*** La pérdida del deporte como cultura: una elegría de barrio ***
En los años 90 mi ciudad tenía algo que hoy suena casi utópico: Juegos Escolares y Escuelas Deportivas Municipales gratuitas, abiertas a todos los niños sin distinción. No había cuotas, no había marcas, no había “plan premium”. Solo había ganas de jugar, de aprender, de competir con dignidad.
Y había, además, un alcalde deportista. No de foto ni de campaña: deportista de verdad.
El mismo que gobernaba la ciudad era también el primero en aparecer los sábados al amanecer, corriendo con su grupo por las calles vacías. El mismo que, entre semana, sacaba tiempo para un partidito de fútbol sala en el Pabellón Ruiz Mateo. Su ejemplo era silencioso, auténtico, y precisamente por eso más educativo que cualquier discurso.
Aquel tiempo tenía un aroma que hoy cuesta reconocer: el del deporte como bien común.
La ciudad que se quedó sin juego
Ahora, en cambio, da la sensación de que la ciudad ha perdido su pulso deportivo.
Los colegios ofrecen cada vez menos actividad física; las canchas de barrio, antes llenas de ruido y rivalidades sanas, están vacías los fines de semana. Ya no hay chavales botando un balón hasta gastarlo, ni adolescentes midiendo su orgullo en un uno contra uno interminable.
Lo que antes era un paisaje habitual —grupos corriendo por la mañana, bicicletas cruzando avenidas, niños ocupando pistas de baloncesto— se ha convertido en rareza.
La ciudad parece haber olvidado que el deporte también la mantenía viva.
Hemos cambiado el cielo por el techo
Y, sin embargo, los gimnasios están llenos.
Cintas eléctricas funcionando en fila, bajo luces frías y música enlatada, mientras fuera los circuitos naturales permanecen desiertos. Hemos llegado a creer que caminar sobre una cinta es más “serio” que caminar bajo el cielo; que sudar entre espejos es más “profesional” que sudar entre árboles.
El deporte siempre requirió sacrificio: esfuerzo, disciplina, constancia.
Pero su espíritu estaba en la calle, en la naturaleza, en el aire fresco.
Hoy, en cambio, parece que preferimos pagar por una versión empaquetada del esfuerzo, más cómoda, más controlada, más vendible.
El negocio ha devorado la esencia
La conclusión es amarga: lo que antes era cultura, ahora es mercado.

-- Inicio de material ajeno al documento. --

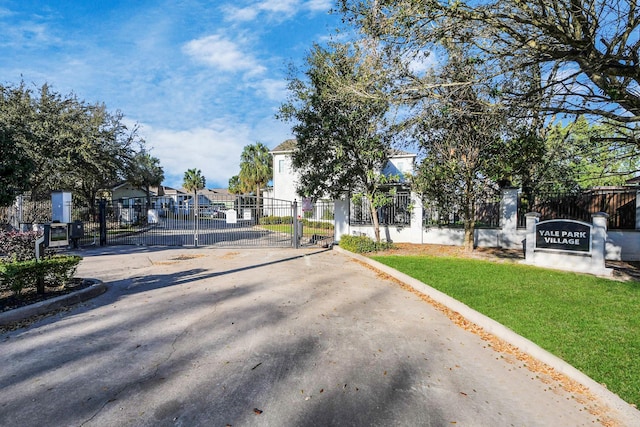 view of street with a gate, curbs, a residential view, and a gated entry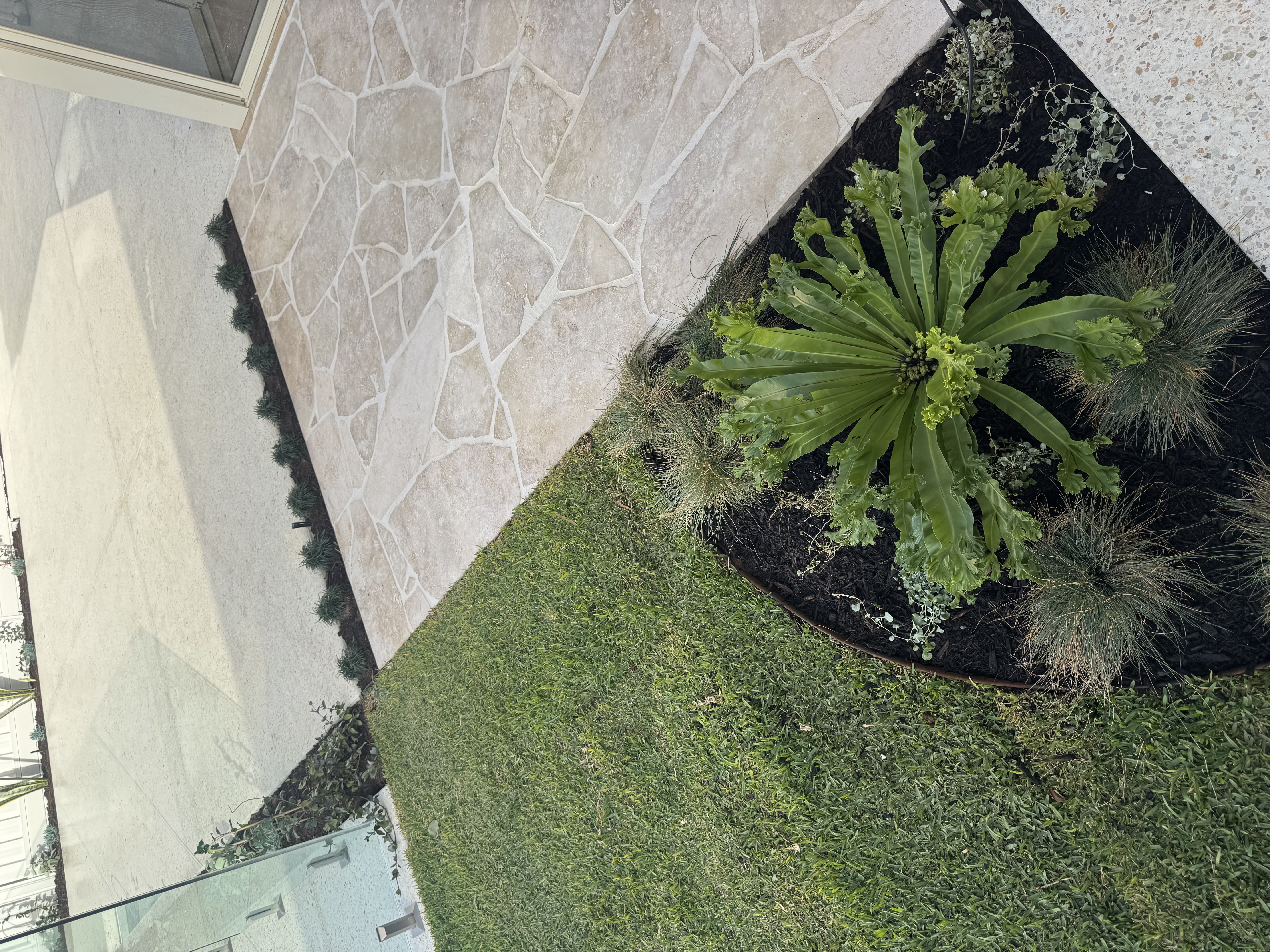 Premium natural stone paving and driveway installed in a Perth coastal suburb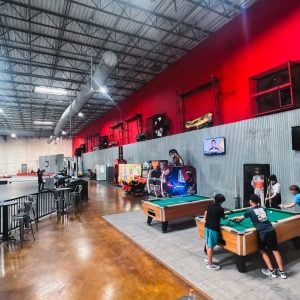 visitors play in the arcade at k1 speed tampa bay near the indoor track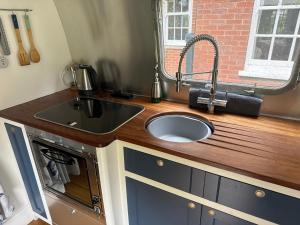 a kitchen counter with a sink and a sink at Airstream Experience in Knutsford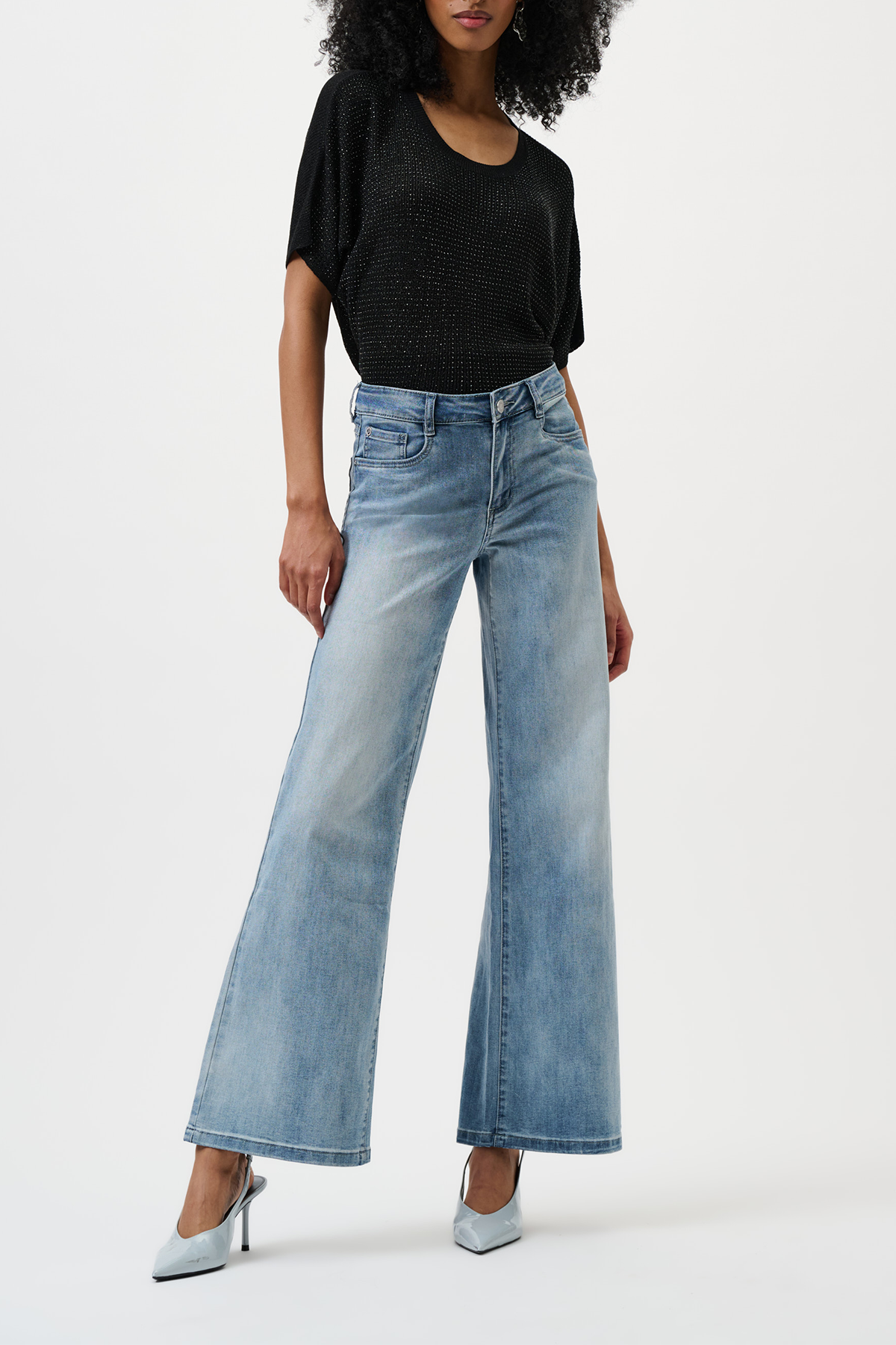 Woman wearing a black top and light blue wide-leg jeans on a white background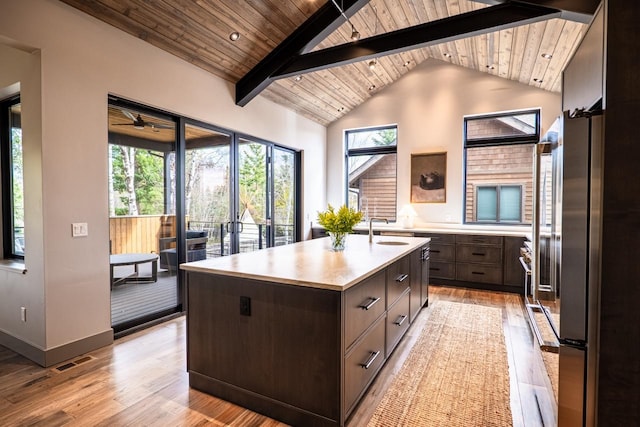 kitchen with light countertops, wood ceiling, a wealth of natural light, and dark brown cabinets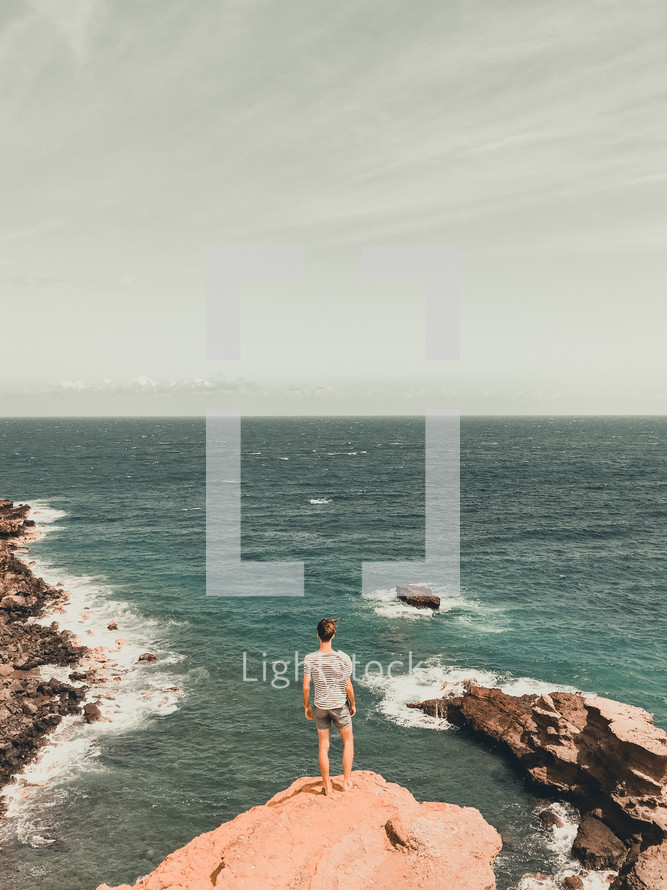 woman standing at the edge of a cliff overlooking the ocean 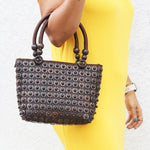 Model holding DaisyLife coconut bags as natural fashion. A beautiful accessory to add to your outfit.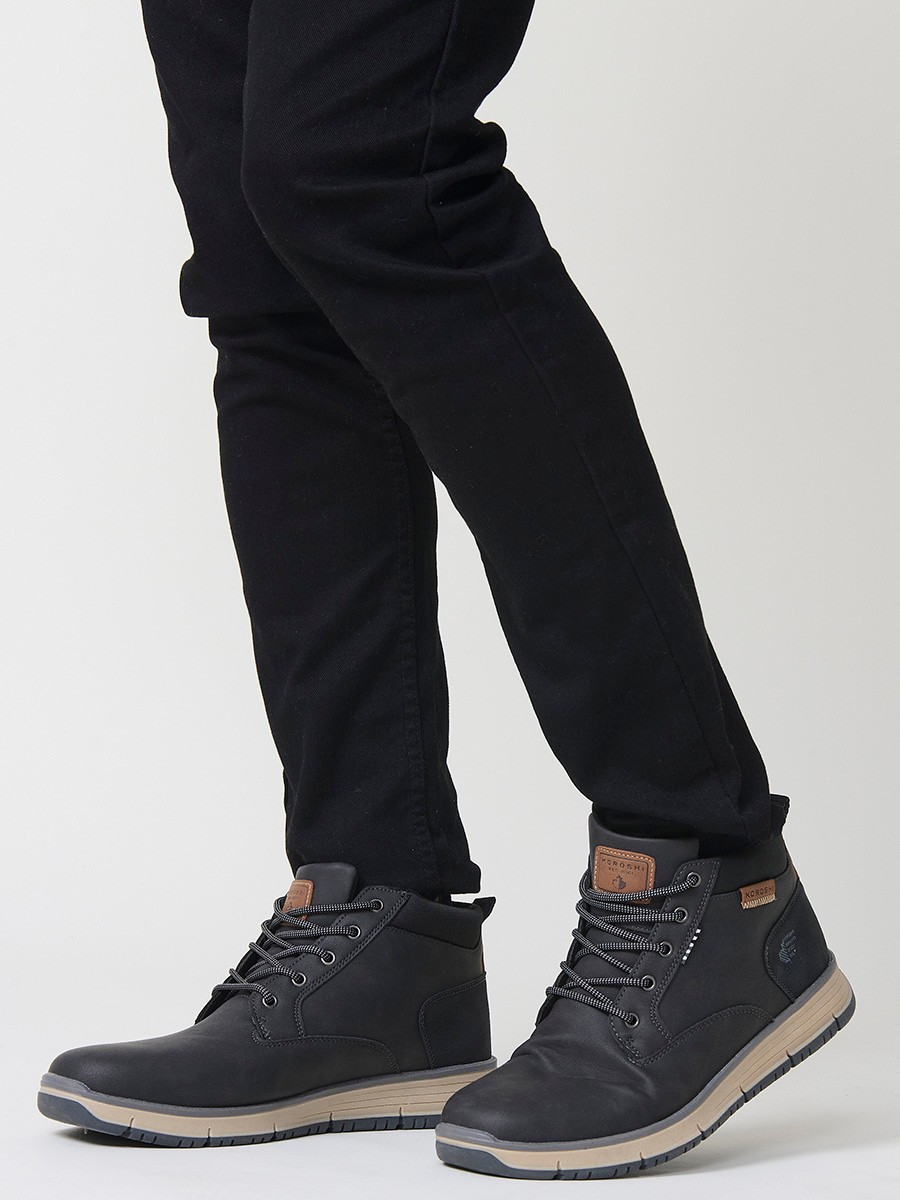 Botín de hombre en color negro con cordones, confeccionado en poliuretano y poliéster. Diseño moderno, resistente y versátil para el día a día.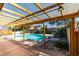 Inviting pool area with pergola, brick patio, and lush landscaping at 607 Sierra Ln, Henderson, NV 89002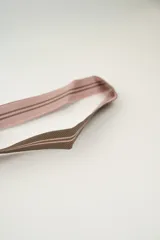 Bolso tipo bombonera tejido a crochet, con patrón geométrico en tonos rosa y marrón. Tiene cierre con cordón ajustable y correa de hombro.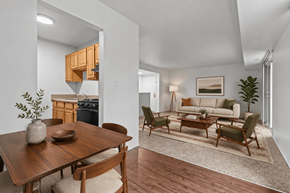 Saline apartment for rent - A modern dining room with a wooden table and chairs.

Se nos convence de que lo saludable es lo que cuesta dinero, que el verdadero deporte está dentro, no fuera; que lo importante no es el hábito, sino la apariencia. Hemos aceptado esa lógica sin darnos cuenta de lo que dejamos atrás: la educación, la comunidad, la calle como escenario natural del juego.
Hemos permutado la libertad de correr por la ciudad por la obligación de fichar en el gimnasio.
Y lo más triste es que muchos creen que han salido ganando.